- _Your task_:
Could you say how many lines in the records include "white"? Please give the number by itself.
━━━━━ Provided records ━━━━━
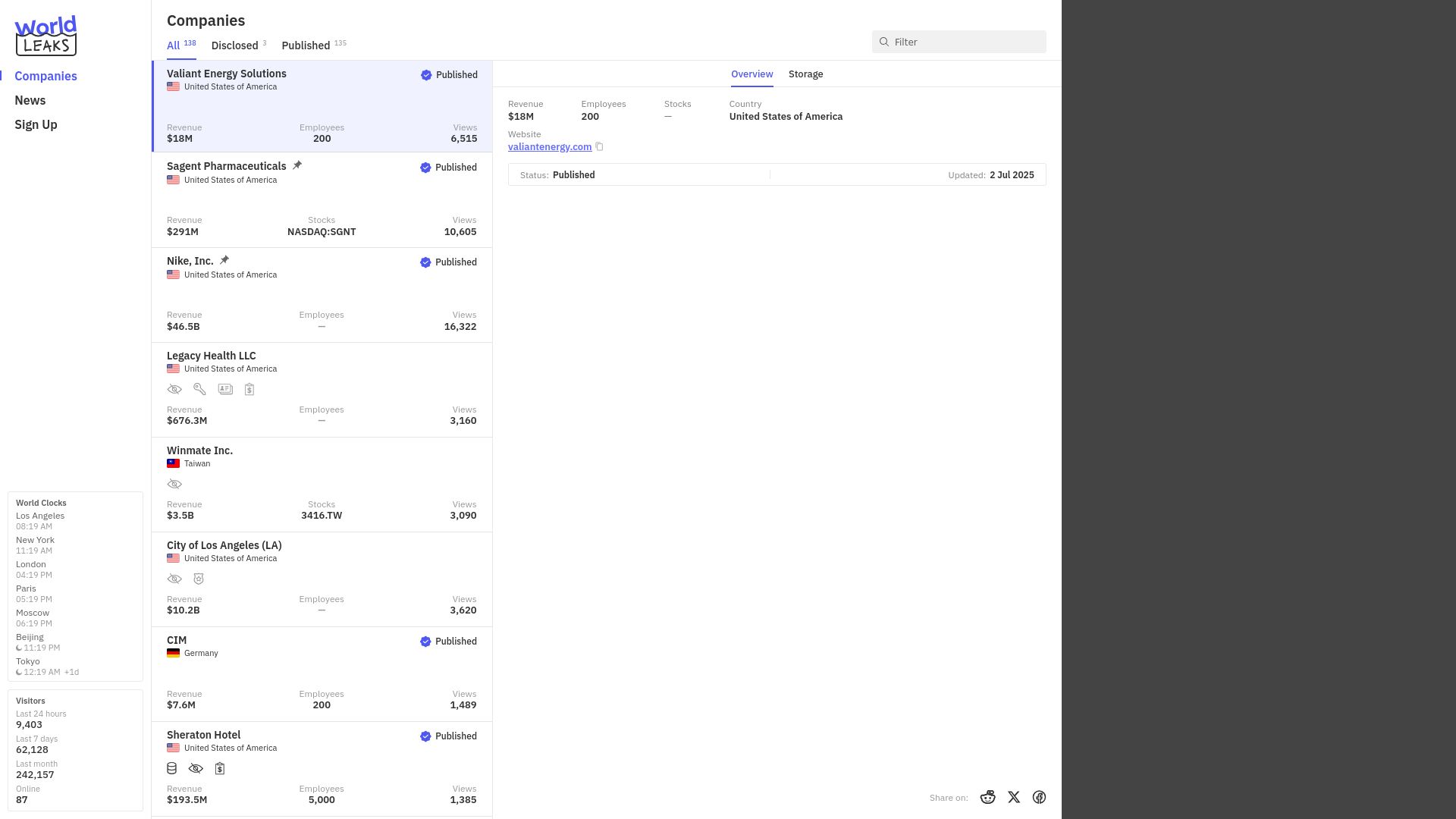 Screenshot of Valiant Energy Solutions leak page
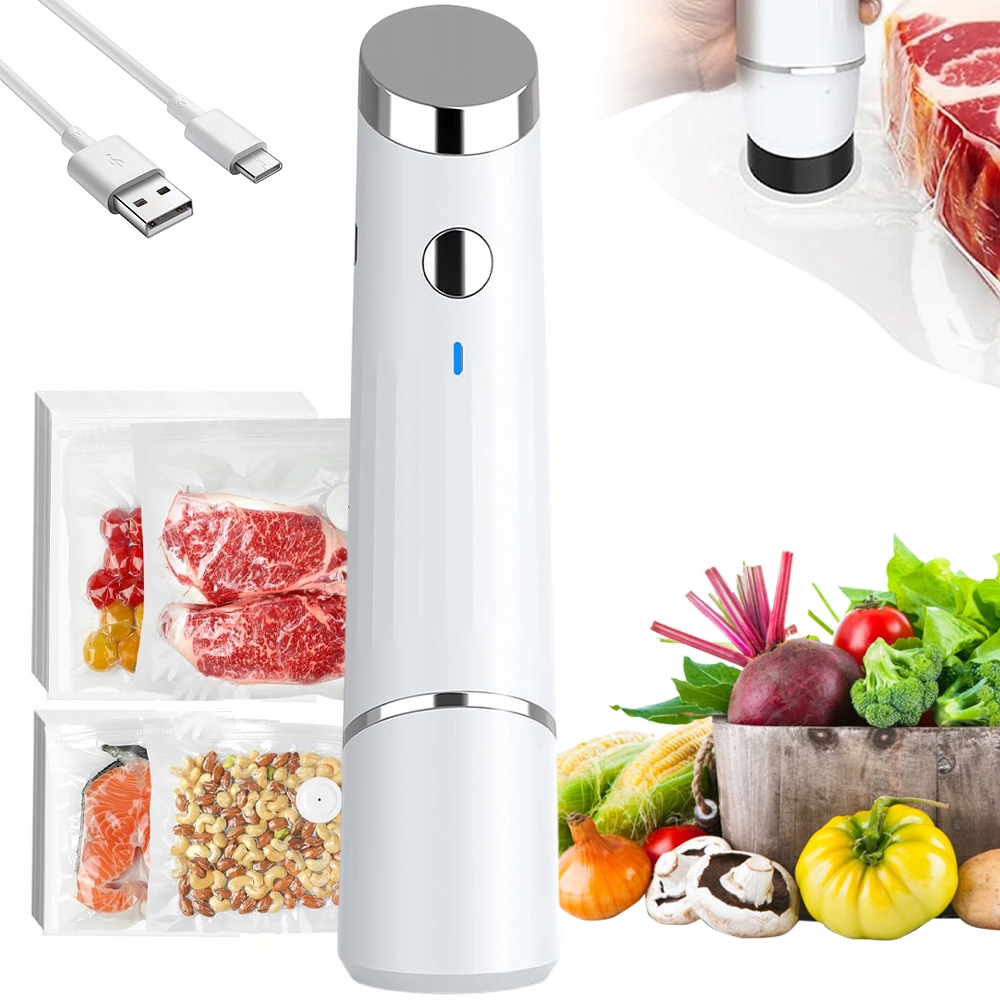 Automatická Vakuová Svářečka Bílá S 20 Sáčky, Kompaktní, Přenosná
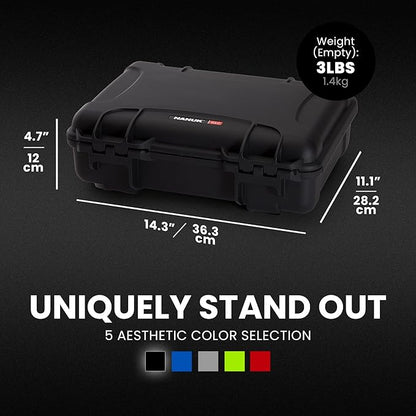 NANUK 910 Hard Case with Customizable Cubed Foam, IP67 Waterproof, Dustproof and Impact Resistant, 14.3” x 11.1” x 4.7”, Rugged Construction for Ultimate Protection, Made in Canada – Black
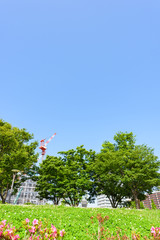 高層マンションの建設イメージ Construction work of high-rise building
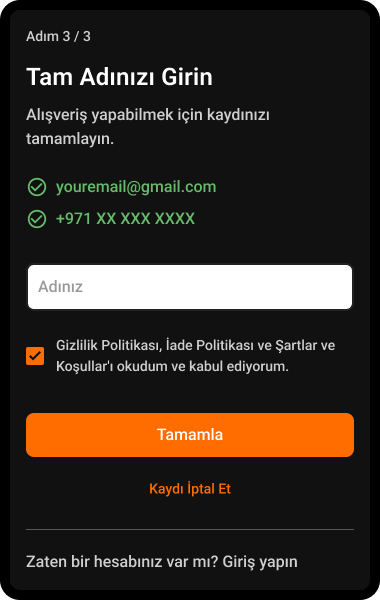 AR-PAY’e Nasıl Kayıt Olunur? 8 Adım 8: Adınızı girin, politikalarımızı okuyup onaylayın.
━━━━━
━━━━━ Provided records ━━━━━
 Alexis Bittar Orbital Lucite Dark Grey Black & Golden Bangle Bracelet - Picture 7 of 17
━━━━━
━━━━━ Provided records ━━━━━
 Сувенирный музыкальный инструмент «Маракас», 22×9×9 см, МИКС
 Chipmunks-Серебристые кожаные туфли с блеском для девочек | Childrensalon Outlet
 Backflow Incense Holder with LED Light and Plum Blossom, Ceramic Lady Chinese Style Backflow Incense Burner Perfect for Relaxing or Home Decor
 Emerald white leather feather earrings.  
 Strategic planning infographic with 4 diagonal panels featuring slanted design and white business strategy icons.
━━━━━
- _Final answer_:
2